7 dec 2008

Barack Obama and Zbigniew Kazimierz Brzezinski


Wow, an alarming message! Someone wrote:
Obama has been groomed by Zbigniew Brzezinksi.
Zbig is a major player in the CFR.*
Obama is, in other words, not what he pretends to be. He talks about change, but he is doing the same thing as several of his predecessors has done, with the exception of his foreign policies: They are even more aggressive than the ones of Bush43.

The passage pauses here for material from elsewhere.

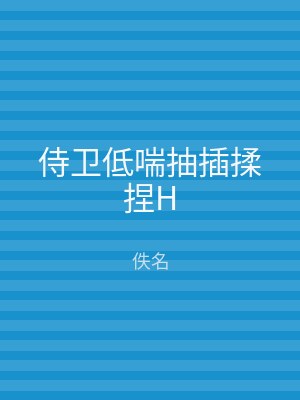 侍卫低喘抽插揉捏H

* He means the Council of Foreign Relations, established in New York on July 29, 1921. Nothing strange or wrong with that. A remarkable quote from the Wikipedia article:
On 24 November 1953, a study group heard a report from political scientist William Henderson regarding the ongoing conflict between France and Vietnamese Communist leader Ho Chi Minh's Viet Minh forces, a struggle that would later become known as the First Indochina War. Henderson argued that Ho's cause was primarily nationalist in nature and that Marxism had "little to do with the current revolution." Further, the report said, the United States could work with Ho to guide his movement away from Communism. State Department officials, however, expressed skepticism about direct American intervention in Vietnam and the idea was tabled. Over the next twenty years, the United States would find itself allied with anti-Communist South Vietnam and against Ho and his supporters in Vietnam War.
By now we call that the “Vietnamese Liberation War”.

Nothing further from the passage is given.